Kamil Stoch z dosadną deklaracją. Mistrz powiedział to wprost
Jeszcze kilka tygodni temu można było mieć poważne wątpliwości, czy i tym razem trzykrotny mistrz olimpijski powalczy o triumf w Raw Air. Stoch przeżywał bowiem kryzys i przed mistrzostwami świata w Planicy trenował indywidualnie. Po powrocie do rywalizacji prezentował się świetnie i otarł się o medal w Słowenii. Dlatego teraz kibice liczą, że Stoch pokaże, na co tak naprawdę go stać. Sam skoczek w rozmowie z "Przeglądem Sportowym" zadeklarował, że do Norwegii jedzie walczyć o najwyższe cele. - Wierzę, że będę stawał na podium. Wierzę, że będę wygrywał! Tylko dzięki temu mam siłę wstawać rano, przerzucać ciężary na treningach i jeździć na zawody z pełnym zaangażowaniem - stwierdził Stoch.

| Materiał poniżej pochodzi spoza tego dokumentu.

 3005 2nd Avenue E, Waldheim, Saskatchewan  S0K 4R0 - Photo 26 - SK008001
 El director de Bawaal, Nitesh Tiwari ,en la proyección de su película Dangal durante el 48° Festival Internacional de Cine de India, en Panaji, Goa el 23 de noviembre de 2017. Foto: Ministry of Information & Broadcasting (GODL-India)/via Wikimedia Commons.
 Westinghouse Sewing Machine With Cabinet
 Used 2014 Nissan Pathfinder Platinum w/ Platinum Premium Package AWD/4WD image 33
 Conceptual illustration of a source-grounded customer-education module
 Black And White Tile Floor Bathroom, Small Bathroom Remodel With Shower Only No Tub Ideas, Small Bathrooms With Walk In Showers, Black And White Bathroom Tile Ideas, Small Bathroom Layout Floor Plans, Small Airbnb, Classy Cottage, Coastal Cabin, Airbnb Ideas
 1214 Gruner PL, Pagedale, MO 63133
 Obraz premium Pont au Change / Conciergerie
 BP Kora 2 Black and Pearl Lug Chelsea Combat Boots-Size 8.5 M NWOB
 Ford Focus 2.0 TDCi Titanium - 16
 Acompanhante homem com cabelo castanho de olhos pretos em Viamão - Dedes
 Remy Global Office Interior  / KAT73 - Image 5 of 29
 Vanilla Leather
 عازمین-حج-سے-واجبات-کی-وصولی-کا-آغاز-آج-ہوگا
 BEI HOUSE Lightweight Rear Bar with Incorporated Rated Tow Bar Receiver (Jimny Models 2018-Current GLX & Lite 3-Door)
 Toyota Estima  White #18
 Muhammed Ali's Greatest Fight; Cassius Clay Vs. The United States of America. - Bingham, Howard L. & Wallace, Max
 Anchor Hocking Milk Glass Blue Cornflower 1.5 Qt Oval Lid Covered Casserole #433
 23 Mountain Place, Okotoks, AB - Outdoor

- To jest fundament w sporcie. Jadę na ten turniej jednak z innymi celami, takimi zadaniowymi. Wierzę, że będę kontynuował pracę z ostatnich tygodni, a uważam, że to kawał dobrej roboty. Jeżeli to wszystko będzie dalej tak układało, to wszystko jest możliwe. Wszystko dla mnie jest otwarte! - powiedział niebywale szczerze trzykrotny mistrz olimpijski.